Configure providers accordingly:

  • Deepgram TTS: container=none, encoding=linear16, sample_rate=24000.
  • ElevenLabs: output_format=pcm_24000.
  • Cartesia: container=raw, encoding=pcm_s16le, sample_rate=24000.
  • OpenAI TTS: response_format=pcm.

Headered formats will fail silently at the start of each utterance (the client treats the header bytes as samples).

Credentials

All voice credentials come from environment variables (kernel/voice.MergeKeys):

Provider Env (or fallback) Required extra
Deepgram MAVEN_DEEPGRAM_API_KEY, then DEEPGRAM_API_KEY
OpenAI TTS OPENAI_API_KEY, then MAVEN_OPENAI_API_KEY, then provider.apiKey (for OpenAI-type providers)
ElevenLabs MAVEN_ELEVENLABS_API_KEY, then ELEVENLABS_API_KEY ELEVENLABS_VOICE_ID
Cartesia MAVEN_CARTESIA_API_KEY, then CARTESIA_API_KEY CARTESIA_VOICE_ID

Per-provider HTTPS proxies and Cartesia model/version overrides live under speech.<provider> in config; see Reference: Configuration.

Session model

The browser generates a UUID at page load and includes it as ?session=<uuid> when dialing /ws/voice.

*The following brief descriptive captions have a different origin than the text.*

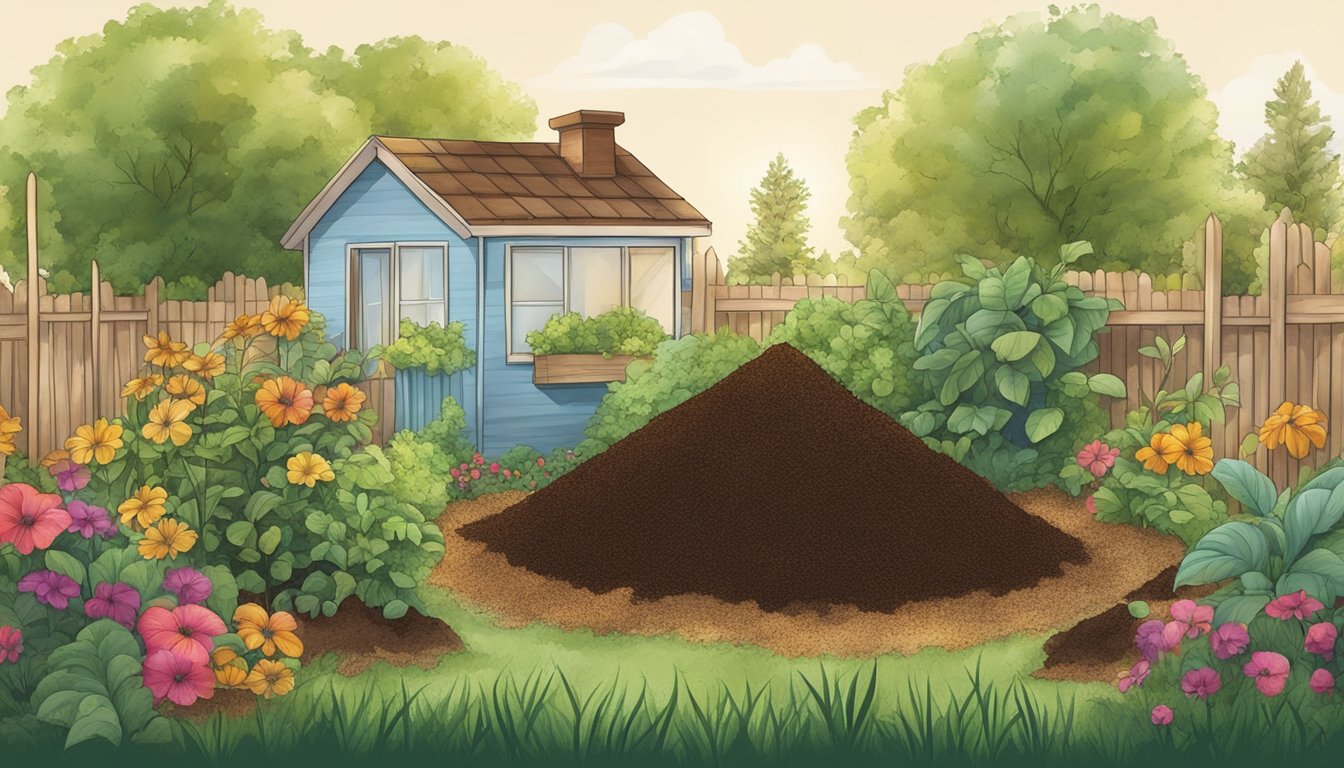 A garden scene with coffee grounds sprinkled around plants and used as compost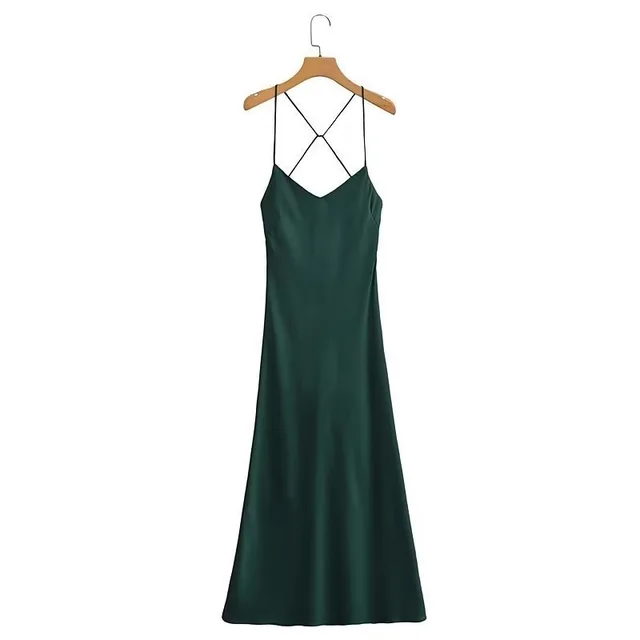 High waist Backless Design Mid length Strappy Dress For Women Green - Shop at LoveMi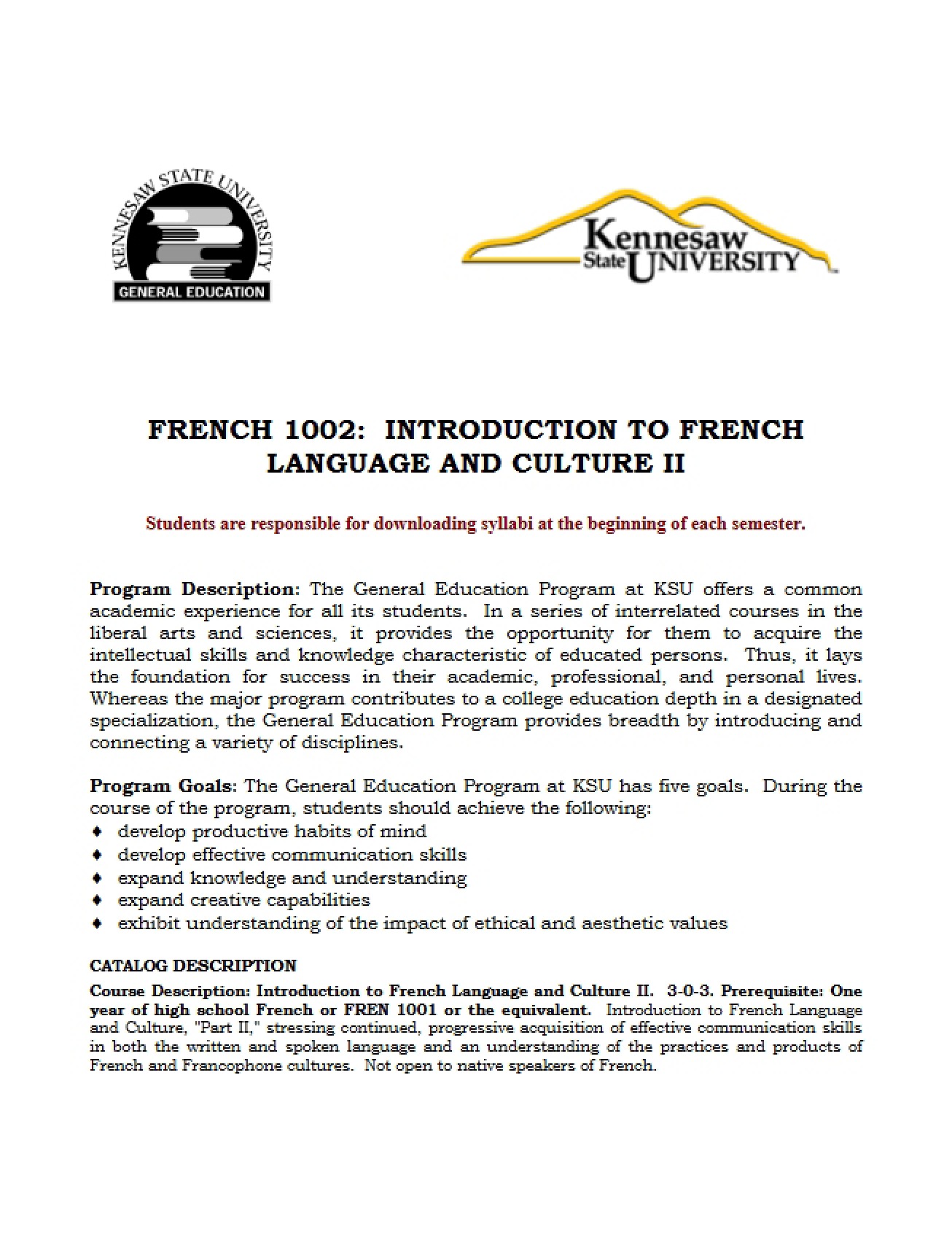 Second Semester Introductory French Syllabus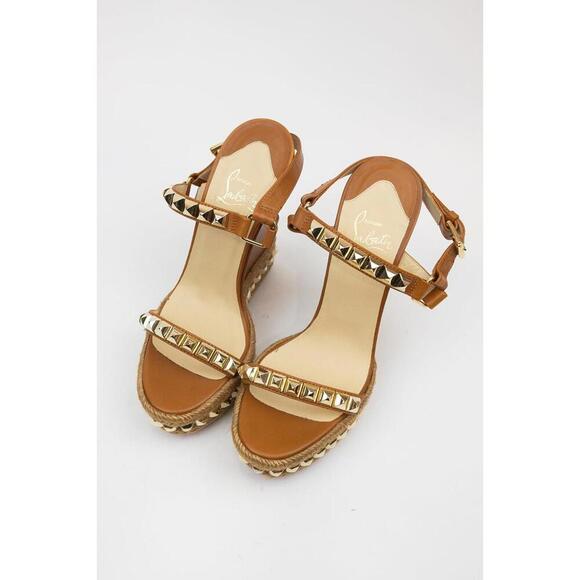 Christian Louboutin Tan Studded Wedge Leather - Picture 4 of 6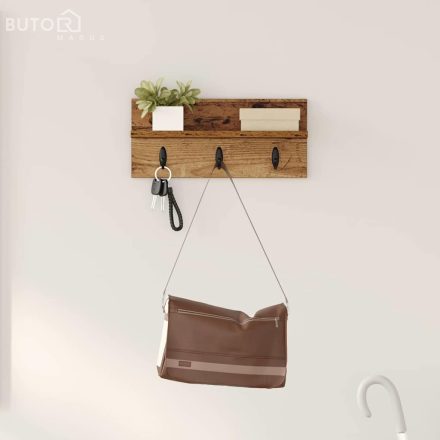 vidaXL Fali Kabáthorog polcokkal Régi fa 40 x 10.5 x 18 cm Faanyag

The voice transport resolves that into a Maven session via wsession.ResolveMavenSessionID. Voice turns share session history with the Web UI text chat.

Voice activity detection

A simple RMS threshold on the inbound PCM triggers barge-in: in-flight TTS aborts, the browser drops its playback queue, and the new transcript starts a fresh agent turn.

Sentence segmentation

Streamed model output is buffered into a kernel/voice segmenter that takes complete sentences (ending in ., !, ? before whitespace) up to a maximum of 800 runes. Each sentence becomes a TTS request. This trades a small first-utterance latency for fewer TTS round-trips and natural prosody.

Provider files

Plugin Implements
internal/plugins/voice/deepgram STT (live WebSocket) + TTS (HTTP streaming).
internal/plugins/voice/openai TTS only.
internal/plugins/voice/elevenlabs TTS only. Requires ELEVENLABS_VOICE_ID.
internal/plugins/voice/cartesia TTS only. Requires CARTESIA_VOICE_ID.

Failure modes

  • Missing credentials at startup → provider registration returns nil → factory error at first use ("openai api key is empty"). The Web UI voice button still appears but the WebSocket closes immediately.
  • Browser without AudioWorklet support (very old browsers) → graceful failure, logged in console.
  • Network drop during TTS → partial audio plays; the next sentence retries the HTTP call.

Disable

Set channels.web.voice.enabled = false. The mic button stays hidden and /ws/voice is unregistered.